Whether the optimization is worth the long-term cost.
Whether the team can sustain the change.

The technique table is shared by every Go engineer above junior level. What separates senior is the judgment about which entry on the table to apply, when, and at what cost.

2. Opportunity cost is the senior's lens¶

Engineering time is the scarcest resource on a team. The right framing for a candidate optimization is not "is it possible?" but "is it the best use of the next two weeks?"

Candidate work	Opportunity cost
Shave 5% off a function used 10× per second	Two weeks of engineer time
Add a missing index to a query that runs 10k× per second	Same two weeks
Fix a goroutine leak crashing one pod a week	Same two weeks
Build a benchmark harness that catches regressions for the next year	Same two weeks

All four are "performance work." Only one of them is the right thing to do this sprint. The senior calls that out before anyone writes code.

3. The "don't optimize" decision¶

There are concrete situations where the right senior move is to decline the optimization request entirely.

Situation	Why decline
The code isn't on a hot path	Confirmed by a real production profile; cold paths don't move user-visible numbers
The system is bottlenecked elsewhere	Optimizing X helps nothing if database queries dominate
The change risks correctness or readability disproportionately	The bug introduced will cost more than the latency gained
The workload will change soon	The hot function next quarter will be different
The user-visible improvement is below the threshold of perception	A 3 ms improvement in a 200 ms API response is not noticed

"Not now" or "not ever" is a valid output of the optimization workflow.
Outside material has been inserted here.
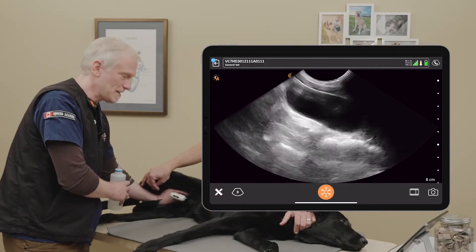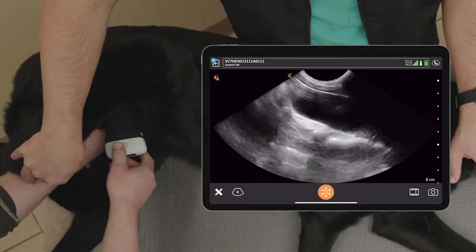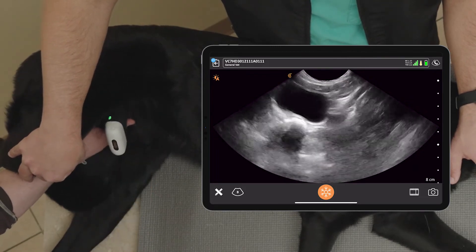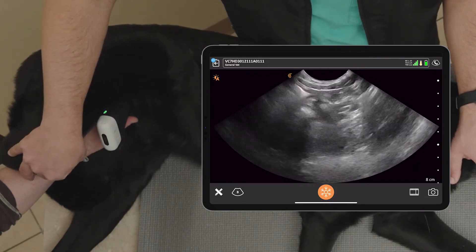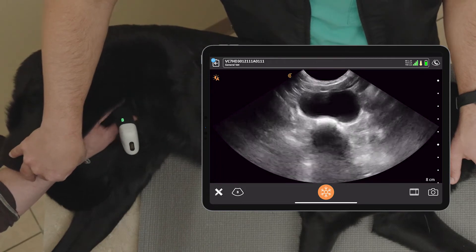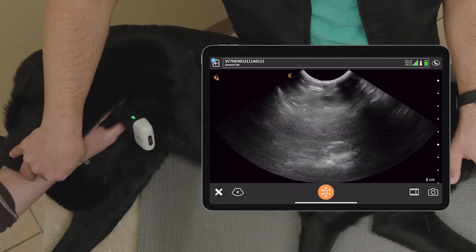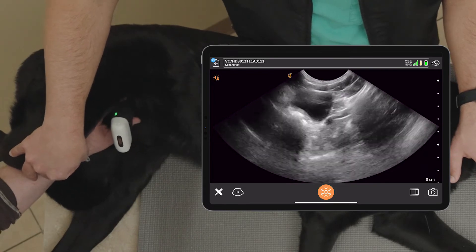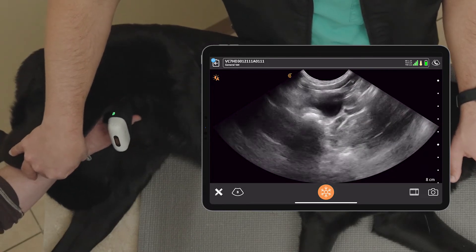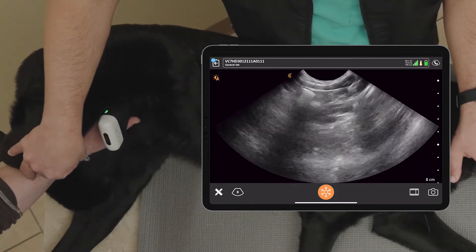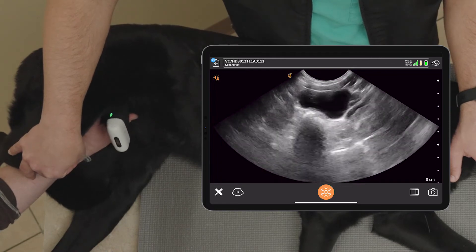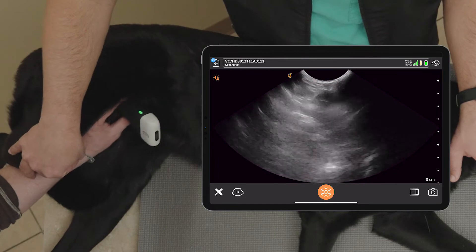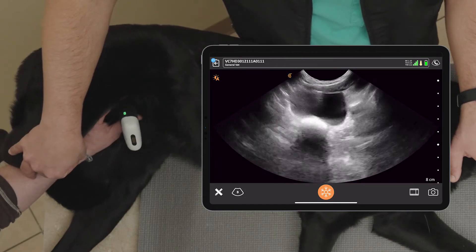Now once we've done that in long axis, what do we want to do? You want to go ahead and rotate the probe into short axis and do the same thing. You're going to fan and we're looking for free abdominal fluid — yes or no. So we'll go all the way back to the trigone, fan and sweep a little bit. This is a large bladder so I have to do a little bit of fanning and sweeping off the apex. No free fluid. No obvious abnormalities in the bladder itself. We see the colon there. No obvious stones. So that's short and long axis.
Saying it requires confidence, which requires data — even a "no" needs a profile to back it up.

4. Goal-setting at the system level¶

Junior goals are per-benchmark. Middle goals are per-endpoint. Senior goals are per-system, expressed as SLOs:

"p99 of /checkout ≤ 200 ms at 1000 RPS, 99.9% of the time, over rolling 28 days."
"Idle service memory ≤ 400 MiB, peak ≤ 800 MiB."
"Per-request CPU-seconds ≤ 8 ms at steady state."

These numbers come from the business (or implied by user expectations) and constrain which optimizations are worth doing. A 30% improvement in a function that's not on the SLO's critical path is, at the system level, often invisible.

The senior version of "set the goal" is "set the goal in terms of what users and operators perceive."

5. The cost model¶

Every optimization has a four-part cost. The senior tracks all four explicitly.

Cost dimension	Example
Engineering hours	"Two weeks to land, with a 60% chance of needing a follow-up"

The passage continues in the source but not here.